Je distinguerai ensuite les liens tissés entre objets et êtres, entre présent et passé. Nous verrons qu’ils sont indissociables de ceux qui unissent mythes, rêves et pratiques sociales, structuration des êtres, des temporalités et des lieux. L’idée que « savoir faire c’est savoir vivre » sera mise en évidence lorsque nous nous attacherons à décrire les places réservées aux femmes et aux artistes dans les sociétés des Plaines.

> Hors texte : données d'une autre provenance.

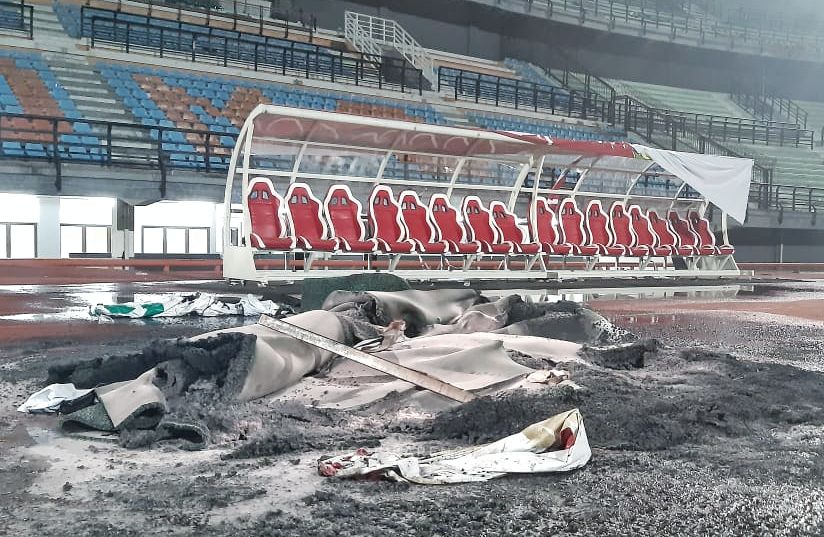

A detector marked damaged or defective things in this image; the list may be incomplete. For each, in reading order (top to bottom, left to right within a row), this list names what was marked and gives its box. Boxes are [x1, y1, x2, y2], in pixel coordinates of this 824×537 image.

torn tarpaulin [89, 294, 290, 318]
torn tarpaulin [318, 408, 592, 484]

Enfin, pour mieux comprendre l’art des « tisseuses de mondes », je tenterai d’interroger quels motifs elles choisissent et pourquoi, et quelles sont leurs places dans l’univers symbolique que nous avons décrit. Entre langage, symbole et métaphore, l’interrogation doit porter sur les natures et les fonctions de ces images, lieux d’expression et de création de l’interconnexion.

Notes
1.

Chris Eyre, Smoke signals, Miramax films et Shadowcatchers Entertainment, 1998, prix du public et des réalisateurs au festival de Sundance en 1998, sorti en France sous le titre de “Phoenix Arizona”, d’après le roman Phoenix Arizona, de Sherman Alexie (titre original : The Lone-ranger and Tonto Fist-fight in Heaven, 1993).

2.

"décepteur" : héros mythique qui joue des tours, démiurge donnant naissance au monde par ses erreurs et errances. Il peut prendre des formes et visages multiples, Coyote, Corbeau, Iktomi l’homme-araignée…

3.

pensionnats indiens : nous reviendrons en détails sur leur importance dans le chapitre consacré aux ruptures de la transmission (II/1).

4.

ORCHARD W.C., The Technique of Porcupine Quill Decoration among the Indians of North America., (1916), Liberty: Eagle’s View Publishing, 1984, p. 3.

5.

Voir chez Wissler Clark, Lowie Robert H., Hassrick Royal B. d’abord, puis Bebbington Julia, Vazeilles Danièle etc…

6.

Je me situe ainsi dans une certaine tradition ethnographique quant au traitement de « l’objet », non sans rappeler les démarches de Pierre Clastres (l’arc et le panier) ou Bronislaw Malinowski (le canoë trobriandais).

7.

American Indian Art Magazine : été 90, volume 15, n° 3.

8.

Voir par exemple, HOBSBAWM Eric & RANGER Terence, in The Invention of Tradition, Cambridge: Cambridge University Press, 1983.

9.

Elders : j’ai décidé de gardé la majuscule telle qu’elle est toujours indiquée en anglais, comme marque de respect et déférence, autant qu’indice de la charge sociale, de la fonction, du statut spécifique des Anciens en tant que conseillers spirituels et politiques.

10.

Littéralement :"raconter des histoires". Il s’agit de la pratique qui consiste à raconter les mythes mais aussi légendes et anecdotes, dans un but éducatif, didactique et bien souvent moral.